→ EXERCISE PROMPT:
The entries that follow contain images, which should be left out; output everything else exactly.

━━ INFORMATION GIVEN

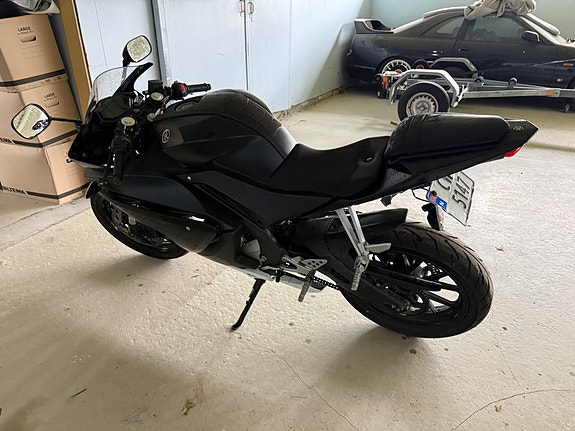 Yamaha YZF-R 125 7 of 9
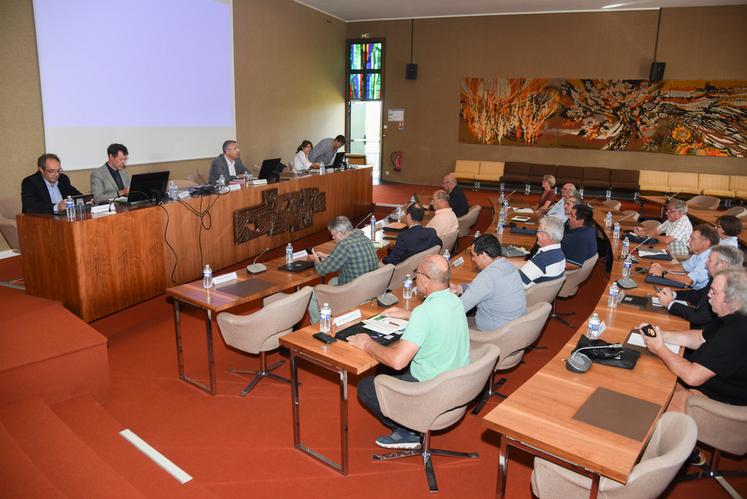 Le 18 septembre, à Chartres. Budget rectificatif, tour de l'actualité agricole, bilan des moissons, situation de la SCIC Sur le champ!, délibérations... Les membres de la Chambre n'ont pas chômé lors de cette session de rentrée.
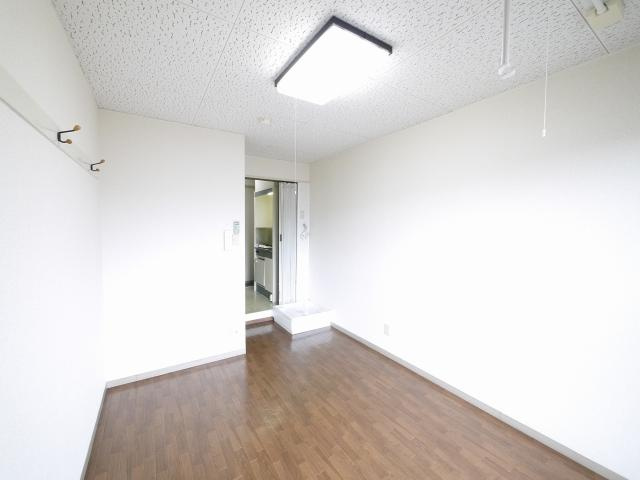 ジュネス新大宮Aの居間・リビング|使いやすい居間です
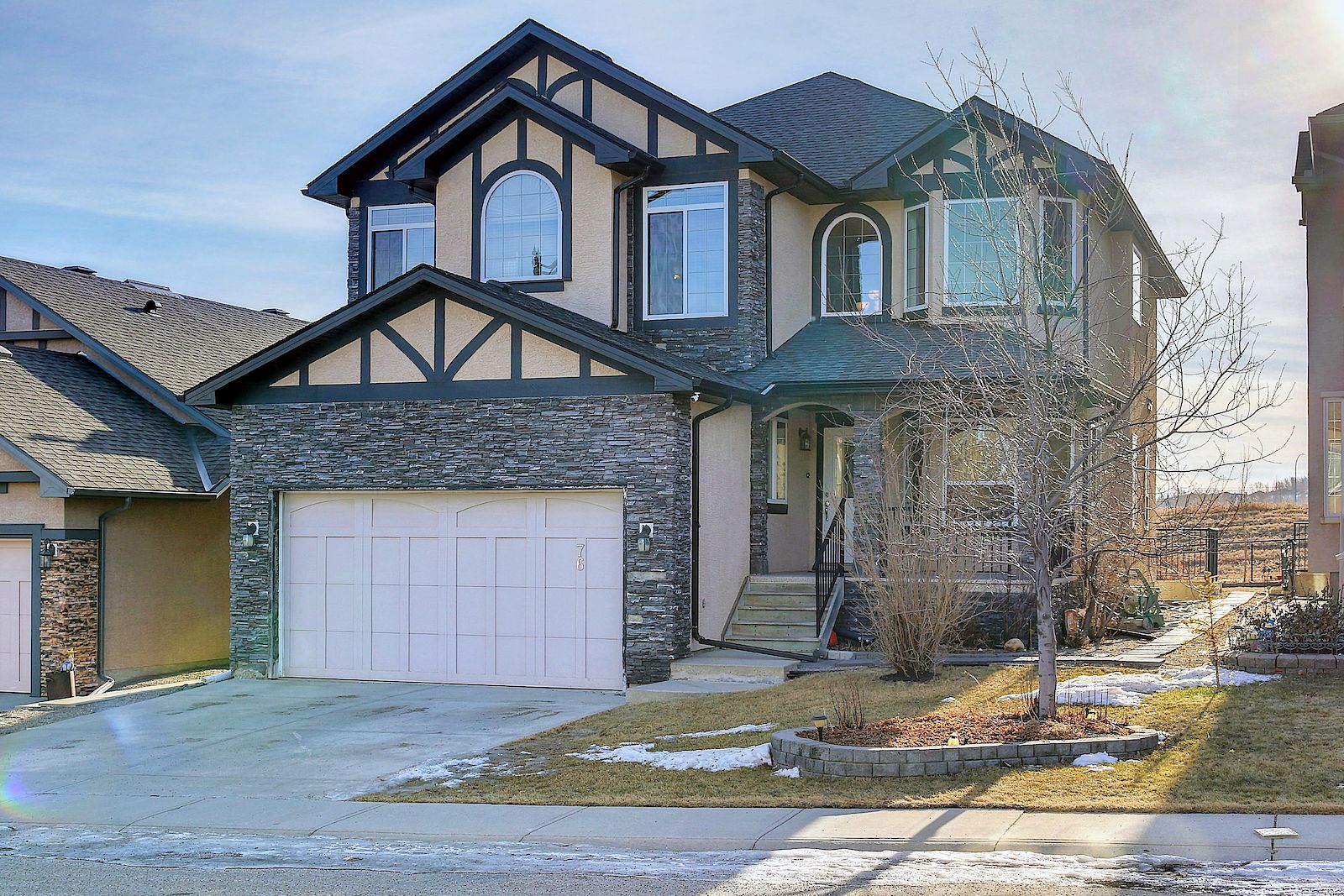 Calgary 5 + Den bedrooms House for rent. Property photo: 490478-1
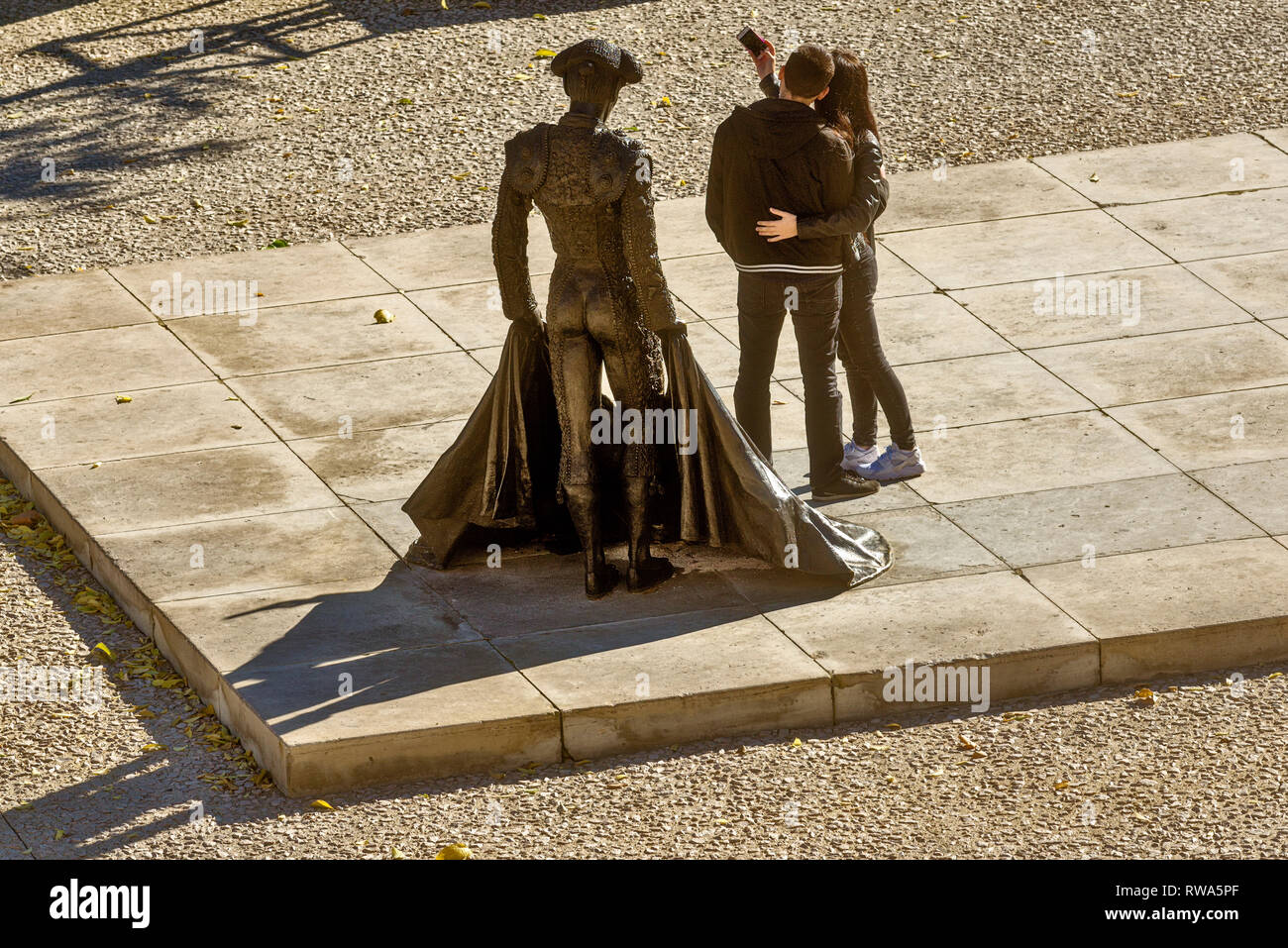 Bronze Skulptur von Nimeño II, Denkmal für stierkämpfer Christian Montcouquiol vor der Arena in Nimes, Frankreich Stockfoto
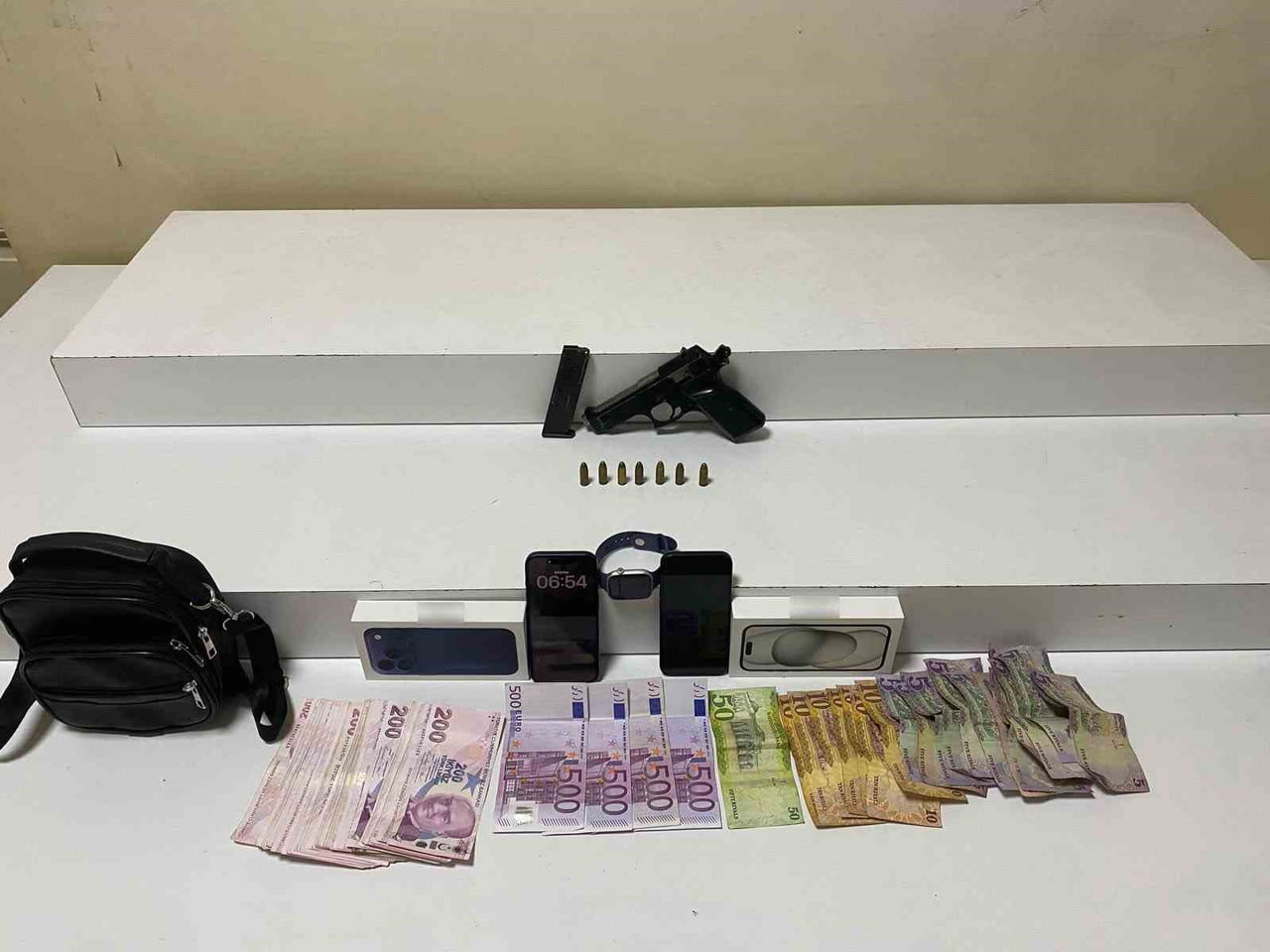 BEYOĞLU’NDA, CAMİYE GELEN ADAMA AİT İÇİNDE 5 BİN EURO, 3 BİN DOLAR VE 5 BİN SUUDİ RİYALİ OLAN...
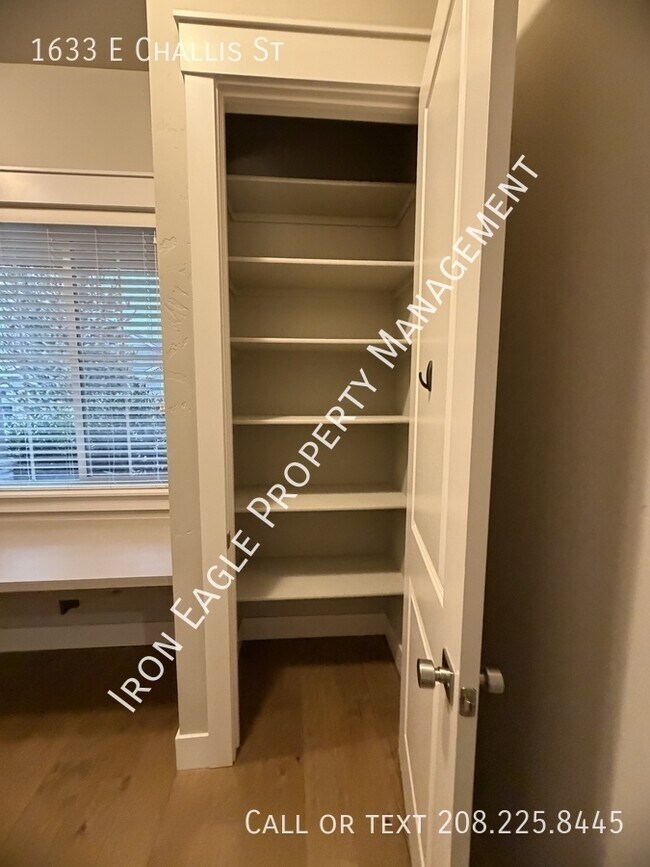 Building Photo - 1633 E Challis St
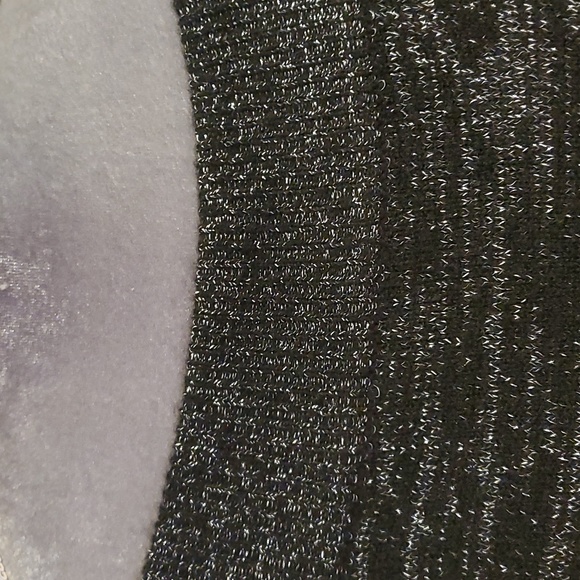 Women's off the shoulder sweater - Picture 2 of 4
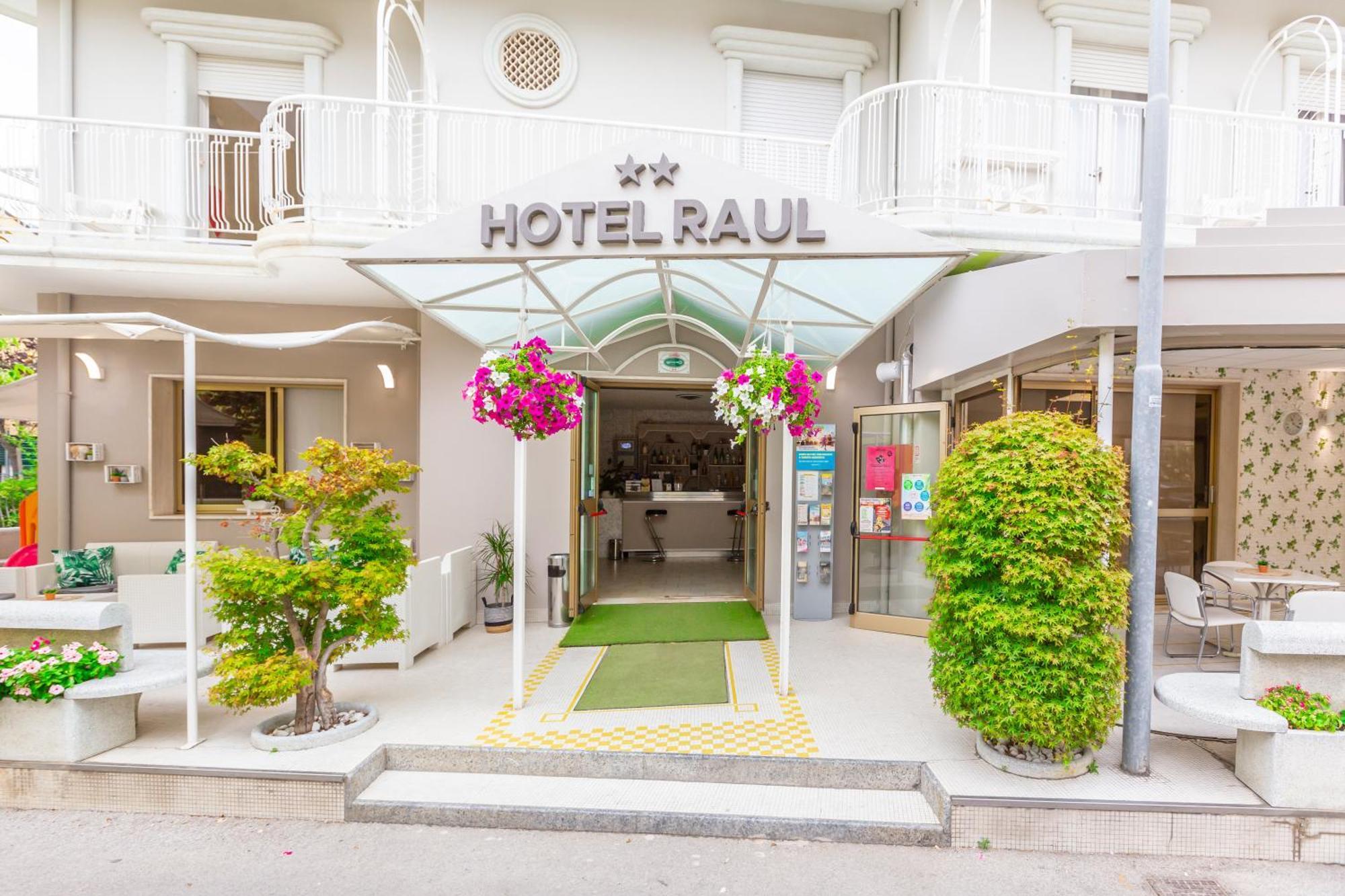 Hotel Raul 里乔内 外观 照片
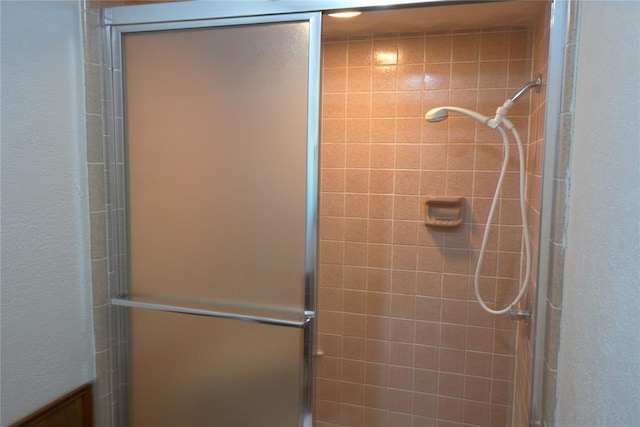 5624 N Mueller Ave, Bethany, OK 73008 - full bath featuring a tile shower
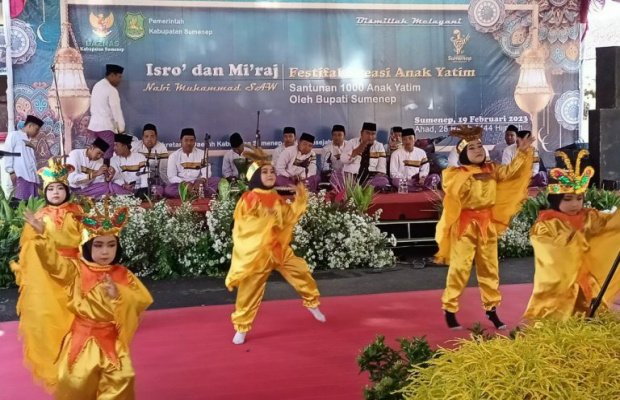 Foto: Salah satu penampilan tari anak dalam Festival Kreasi Anak Yatim Pemkab Sumenep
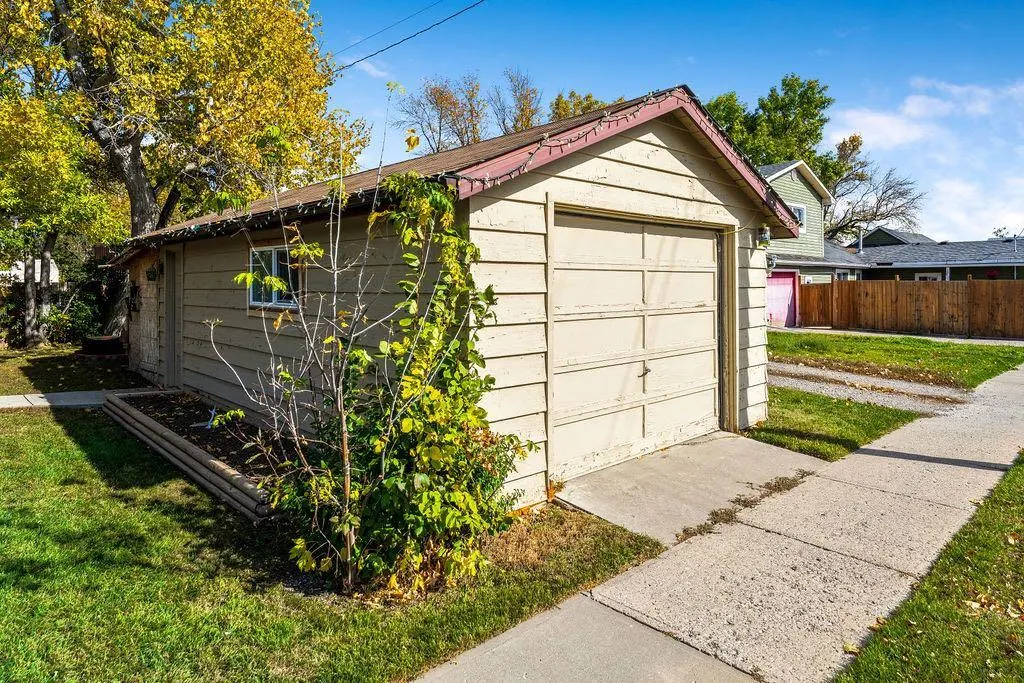 1302 Mountain Avenue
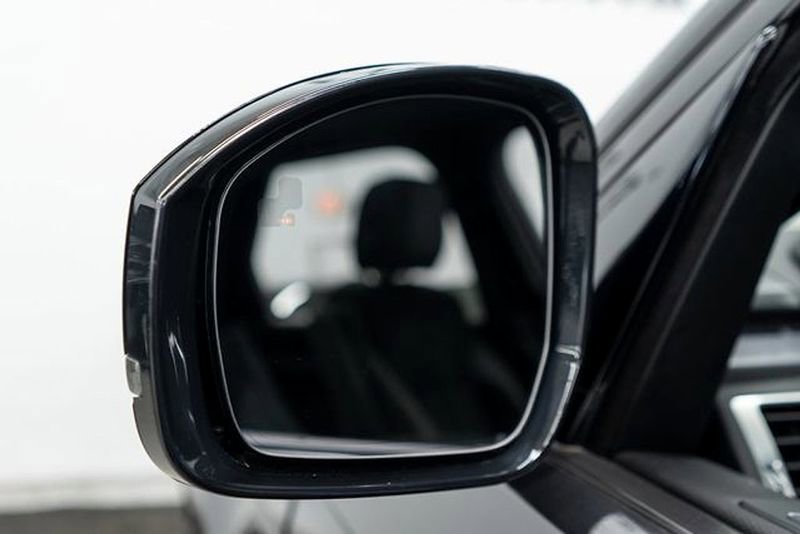 Used 2023 Land Rover Discovery S R-Dynamic image 53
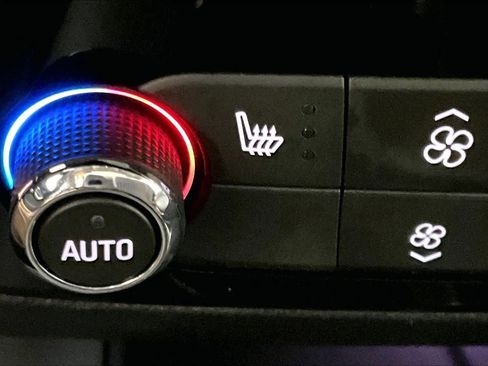 Used 2019 Buick Enclave Essence w/ Trailering Package, 5000 lbs. FWD image 32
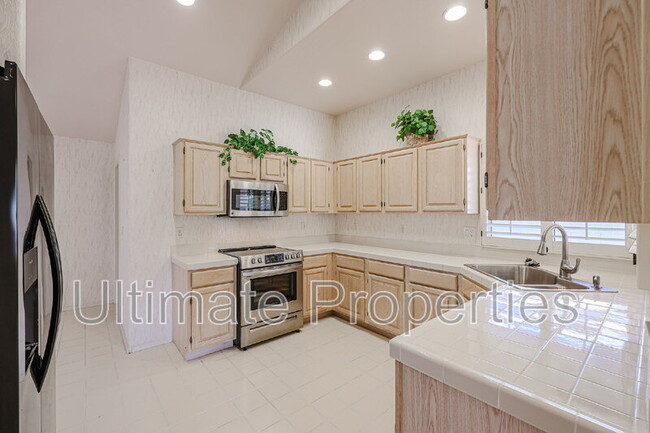 Foto del edificio - 14275 W Shawnee Trail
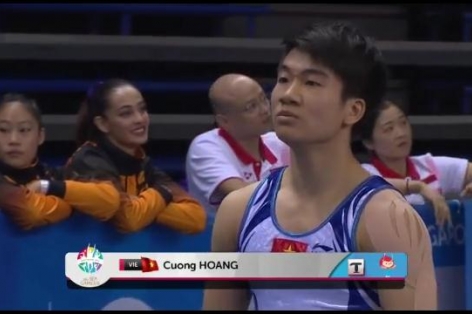 Video SEA Games 28: Hoàng Cường đoạt HCB nội dung nhảy chống nam (TDDC)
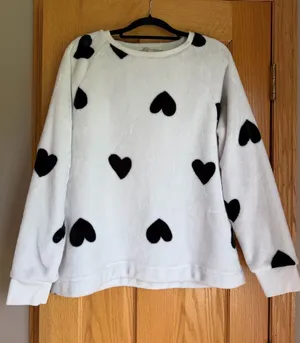 LOFT Faux Fur Plush Heart Crewneck Sweatshirt White Black L Large thumbnail 1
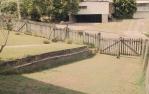 <span class="caption-caption">Driveway, 32 Thorne Street, Windsor</span>, c1970s. <br />Slide, collection of <span class="caption-contributor">Robin Barron</span>.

━━━━

→ RESPONSE AREA:
 Yamaha YZF-R 125 7 of 9
 Le 18 septembre, à Chartres. Budget rectificatif, tour de l'actualité agricole, bilan des moissons, situation de la SCIC Sur le champ!, délibérations... Les membres de la Chambre n'ont pas chômé lors de cette session de rentrée.
 ジュネス新大宮Aの居間・リビング|使いやすい居間です
 Calgary 5 + Den bedrooms House for rent. Property photo: 490478-1
 Bronze Skulptur von Nimeño II, Denkmal für stierkämpfer Christian Montcouquiol vor der Arena in Nimes, Frankreich Stockfoto
 BEYOĞLU’NDA, CAMİYE GELEN ADAMA AİT İÇİNDE 5 BİN EURO, 3 BİN DOLAR VE 5 BİN SUUDİ RİYALİ OLAN...
 Building Photo - 1633 E Challis St
 Women's off the shoulder sweater - Picture 2 of 4
 Hotel Raul 里乔内 外观 照片
 5624 N Mueller Ave, Bethany, OK 73008 - full bath featuring a tile shower
 Foto: Salah satu penampilan tari anak dalam Festival Kreasi Anak Yatim Pemkab Sumenep
 1302 Mountain Avenue
 Used 2023 Land Rover Discovery S R-Dynamic image 53
 Used 2019 Buick Enclave Essence w/ Trailering Package, 5000 lbs. FWD image 32
 Foto del edificio - 14275 W Shawnee Trail
 Video SEA Games 28: Hoàng Cường đoạt HCB nội dung nhảy chống nam (TDDC)
 LOFT Faux Fur Plush Heart Crewneck Sweatshirt White Black L Large thumbnail 1
 <span class="caption-caption">Driveway, 32 Thorne Street, Windsor</span>, c1970s. <br />Slide, collection of <span class="caption-contributor">Robin Barron</span>.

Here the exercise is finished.